BEAR – transforming skills in sub-Saharan Africa

©UNESCO/Miriam Preckler

Many countries in sub-Saharan Africa are struggling to meet the challenge of providing their young people with the skills they need to find decent work. Youth unemployment remains high, and young people are not developing the entrepreneurial skills to create employment in growing sectors.

UNESCO’s BEAR project (Better Education for Africa’s Rise) aims to respond to these challenges. Created in 2011, it is working to update curricula, better train teachers, boost infrastructure and engage employers and enterprises in helping technical and vocational education and training (TVET) to focus on specific sectors carefully chosen for their potential for creating jobs. It aims in particular to increase young people’s access to quality TVET. The ultimate aim of the project is to help promote better TVET systems and to give young people a better chance of finding decent work.

The BEAR project is a unique model for South-South cooperation. Supported by the Government of Korea, it represents a new type of development co-oper¬ation, whereby a newly developed country – the Republic of Korea - shares its expertise in education with others that are looking for ways to develop. BEAR is a five-year project that targets the TVET sector in Botswana, DR Congo, Malawi, Namibia, and Zambia.

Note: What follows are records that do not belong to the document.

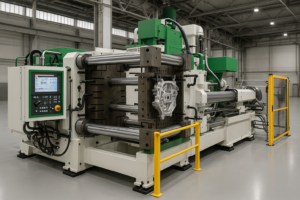 High-Performance Die Casting Machines for Automotive Parts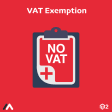 Icon of program: Magento 2 VAT Exemption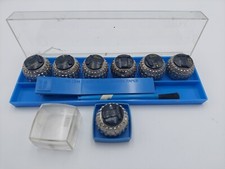 IBM Kugelkopf Orator Manifold 72 Script Orator Courier 12 Letter Goth 96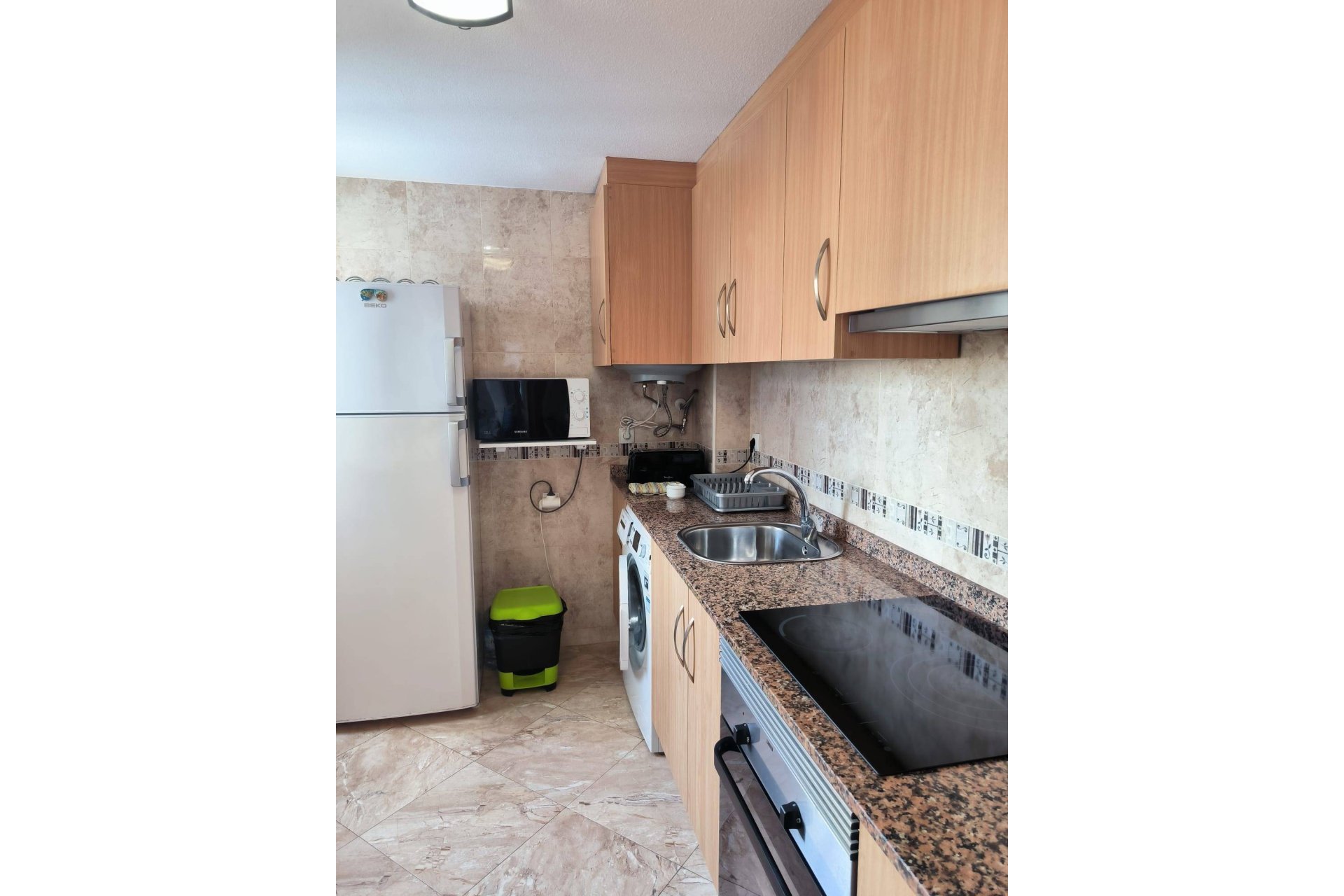 Revente - Appartement -
Torrevieja - Centro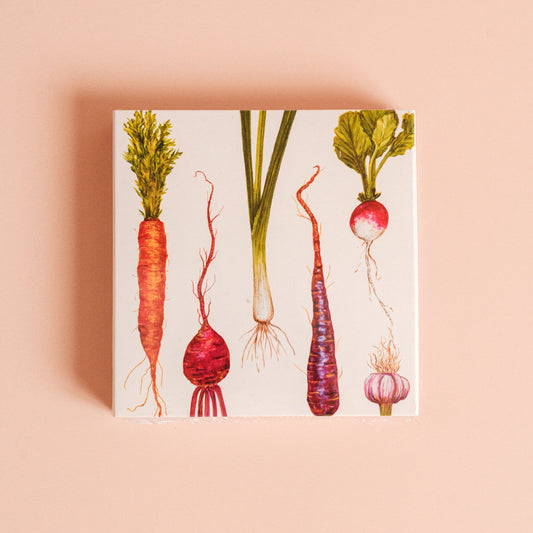 Farmers' Market Matches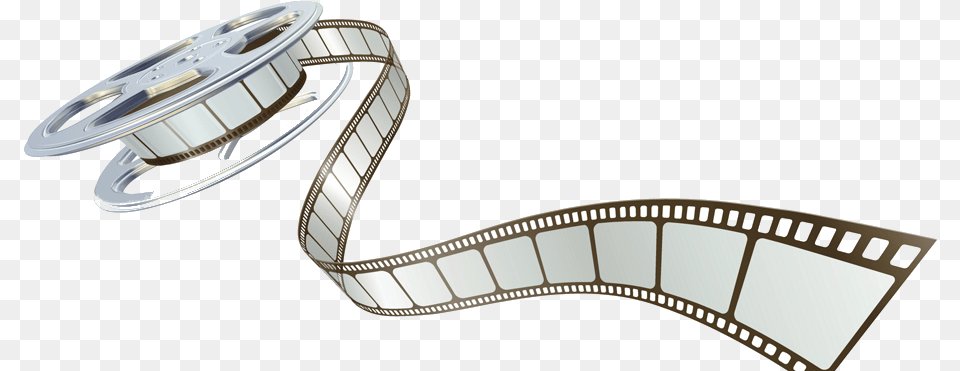 Reel Film Cinema Movie Projector Film Strip Free Png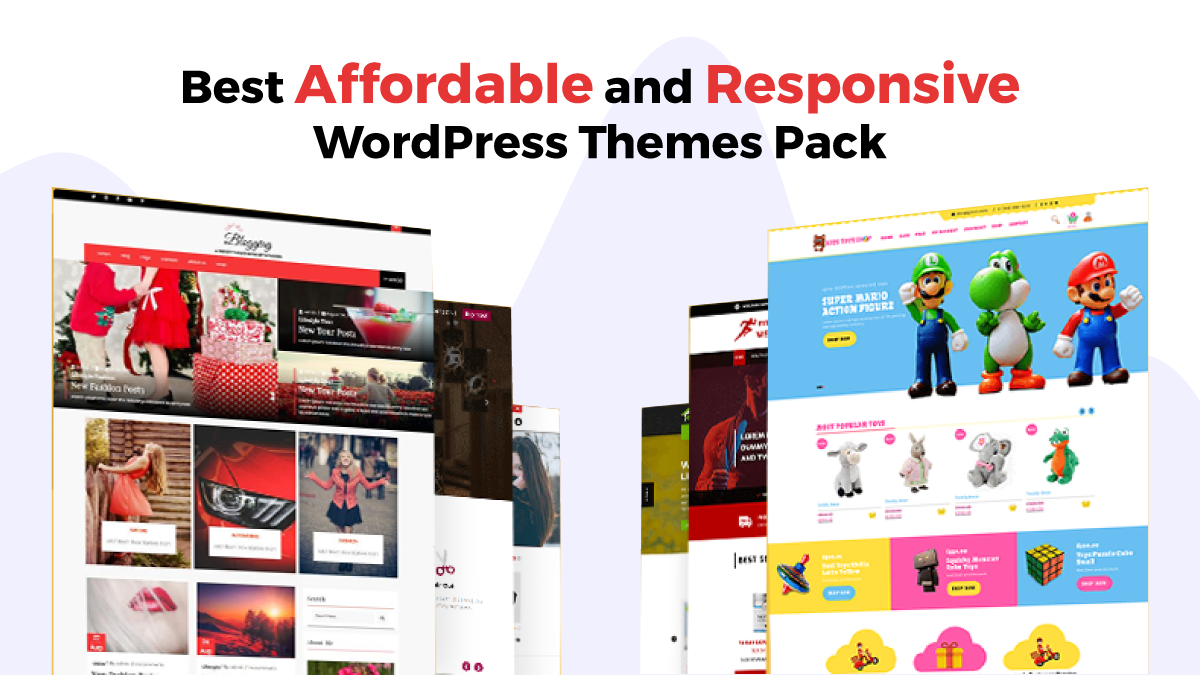 WordPress Themes Pack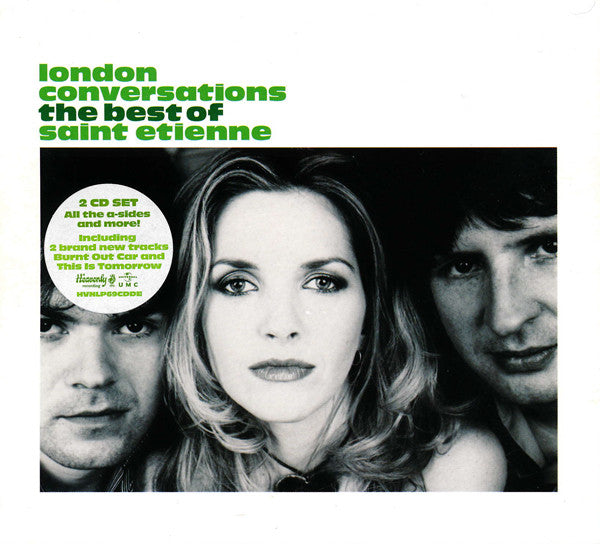 SAINT ETIENNE - A KISS LIKE THIS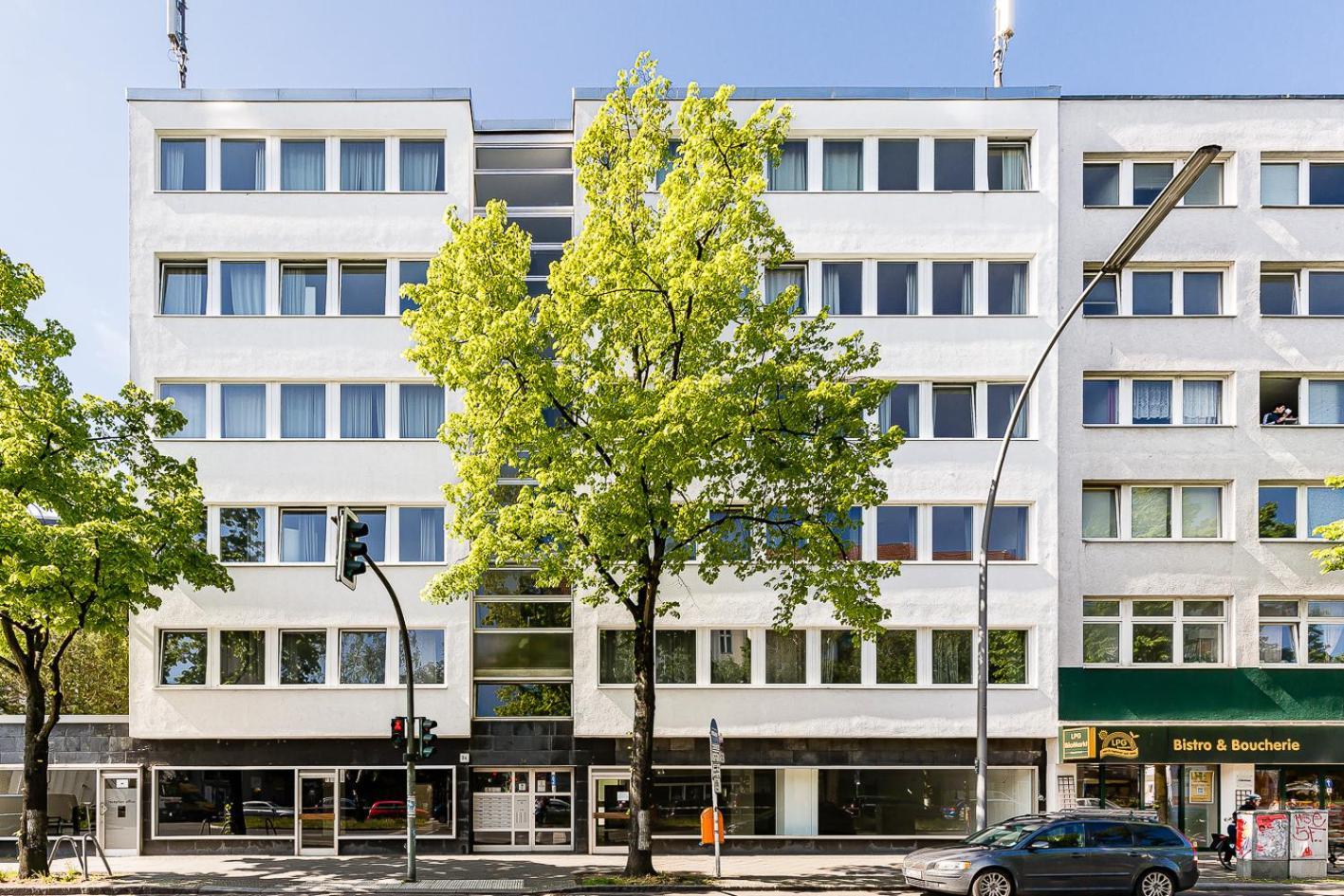 Berlinhome Apartment Steglitz מראה חיצוני תמונה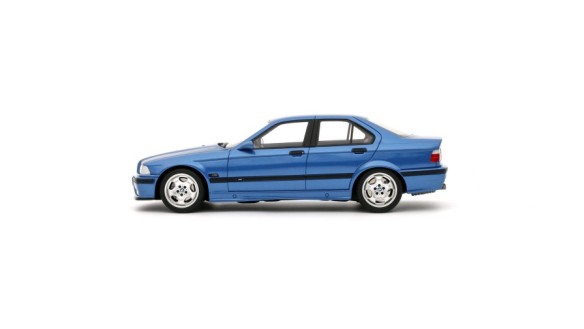BMW E36 M3 Estoril Blue 1995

BEAR is aligning with country and regional needs to build evidence-based TVET policies. During its first phase, it has identified for each country the main actors, potential public and private partnerships and the sector in which there was the greatest potential to build new skills. In Botswana it is concentrating on the tourism industry, in DR Congo construction and agriculture, in Malawi, agro-processing and construction, in Namibia, construction, and in Zambia, construction and Tourism.